The problem:
Retype all of the data exactly as given.

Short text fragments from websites
□ □ □
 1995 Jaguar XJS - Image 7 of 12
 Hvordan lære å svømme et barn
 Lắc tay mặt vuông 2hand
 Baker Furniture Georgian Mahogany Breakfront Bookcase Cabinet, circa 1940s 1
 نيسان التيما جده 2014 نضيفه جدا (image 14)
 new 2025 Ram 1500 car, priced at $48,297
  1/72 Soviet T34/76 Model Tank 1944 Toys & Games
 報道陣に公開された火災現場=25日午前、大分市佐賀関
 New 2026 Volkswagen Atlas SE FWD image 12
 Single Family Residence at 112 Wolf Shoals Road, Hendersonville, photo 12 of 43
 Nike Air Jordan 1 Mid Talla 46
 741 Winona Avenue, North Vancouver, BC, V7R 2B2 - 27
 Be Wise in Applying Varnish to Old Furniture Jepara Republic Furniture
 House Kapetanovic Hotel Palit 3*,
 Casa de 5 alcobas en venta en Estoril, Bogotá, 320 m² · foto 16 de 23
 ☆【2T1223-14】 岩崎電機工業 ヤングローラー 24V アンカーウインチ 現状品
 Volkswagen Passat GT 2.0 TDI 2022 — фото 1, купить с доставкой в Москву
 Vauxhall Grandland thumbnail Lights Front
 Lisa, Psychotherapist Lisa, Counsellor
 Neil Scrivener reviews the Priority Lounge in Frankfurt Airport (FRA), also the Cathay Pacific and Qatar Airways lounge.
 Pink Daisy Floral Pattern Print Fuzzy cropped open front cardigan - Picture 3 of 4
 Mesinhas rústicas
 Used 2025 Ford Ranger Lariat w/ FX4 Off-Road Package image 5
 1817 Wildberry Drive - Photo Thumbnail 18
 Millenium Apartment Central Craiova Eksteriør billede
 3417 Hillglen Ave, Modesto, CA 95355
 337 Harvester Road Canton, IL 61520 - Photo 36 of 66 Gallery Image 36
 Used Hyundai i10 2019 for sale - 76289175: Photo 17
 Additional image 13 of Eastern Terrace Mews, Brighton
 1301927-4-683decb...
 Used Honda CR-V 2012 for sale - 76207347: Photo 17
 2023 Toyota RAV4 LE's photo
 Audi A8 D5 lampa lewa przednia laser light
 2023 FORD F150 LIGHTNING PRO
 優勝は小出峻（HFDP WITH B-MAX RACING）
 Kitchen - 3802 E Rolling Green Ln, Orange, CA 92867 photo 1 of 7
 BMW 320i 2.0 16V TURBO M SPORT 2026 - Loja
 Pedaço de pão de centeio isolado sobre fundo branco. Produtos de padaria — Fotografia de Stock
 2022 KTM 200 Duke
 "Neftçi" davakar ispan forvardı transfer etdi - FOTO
□ □ □
Answer to this task:
 1995 Jaguar XJS - Image 7 of 12
 Hvordan lære å svømme et barn
 Lắc tay mặt vuông 2hand
 Baker Furniture Georgian Mahogany Breakfront Bookcase Cabinet, circa 1940s 1
 نيسان التيما جده 2014 نضيفه جدا (image 14)
 new 2025 Ram 1500 car, priced at $48,297
  1/72 Soviet T34/76 Model Tank 1944 Toys & Games
 報道陣に公開された火災現場=25日午前、大分市佐賀関
 New 2026 Volkswagen Atlas SE FWD image 12
 Single Family Residence at 112 Wolf Shoals Road, Hendersonville, photo 12 of 43
 Nike Air Jordan 1 Mid Talla 46
 741 Winona Avenue, North Vancouver, BC, V7R 2B2 - 27
 Be Wise in Applying Varnish to Old Furniture Jepara Republic Furniture
 House Kapetanovic Hotel Palit 3*,
 Casa de 5 alcobas en venta en Estoril, Bogotá, 320 m² · foto 16 de 23
 ☆【2T1223-14】 岩崎電機工業 ヤングローラー 24V アンカーウインチ 現状品
 Volkswagen Passat GT 2.0 TDI 2022 — фото 1, купить с доставкой в Москву
 Vauxhall Grandland thumbnail Lights Front
 Lisa, Psychotherapist Lisa, Counsellor
 Neil Scrivener reviews the Priority Lounge in Frankfurt Airport (FRA), also the Cathay Pacific and Qatar Airways lounge.
 Pink Daisy Floral Pattern Print Fuzzy cropped open front cardigan - Picture 3 of 4
 Mesinhas rústicas
 Used 2025 Ford Ranger Lariat w/ FX4 Off-Road Package image 5
 1817 Wildberry Drive - Photo Thumbnail 18
 Millenium Apartment Central Craiova Eksteriør billede
 3417 Hillglen Ave, Modesto, CA 95355
 337 Harvester Road Canton, IL 61520 - Photo 36 of 66 Gallery Image 36
 Used Hyundai i10 2019 for sale - 76289175: Photo 17
 Additional image 13 of Eastern Terrace Mews, Brighton
 1301927-4-683decb...
 Used Honda CR-V 2012 for sale - 76207347: Photo 17
 2023 Toyota RAV4 LE's photo
 Audi A8 D5 lampa lewa przednia laser light
 2023 FORD F150 LIGHTNING PRO
 優勝は小出峻（HFDP WITH B-MAX RACING）
 Kitchen - 3802 E Rolling Green Ln, Orange, CA 92867 photo 1 of 7
 BMW 320i 2.0 16V TURBO M SPORT 2026 - Loja
 Pedaço de pão de centeio isolado sobre fundo branco. Produtos de padaria — Fotografia de Stock
 2022 KTM 200 Duke
 "Neftçi" davakar ispan forvardı transfer etdi - FOTO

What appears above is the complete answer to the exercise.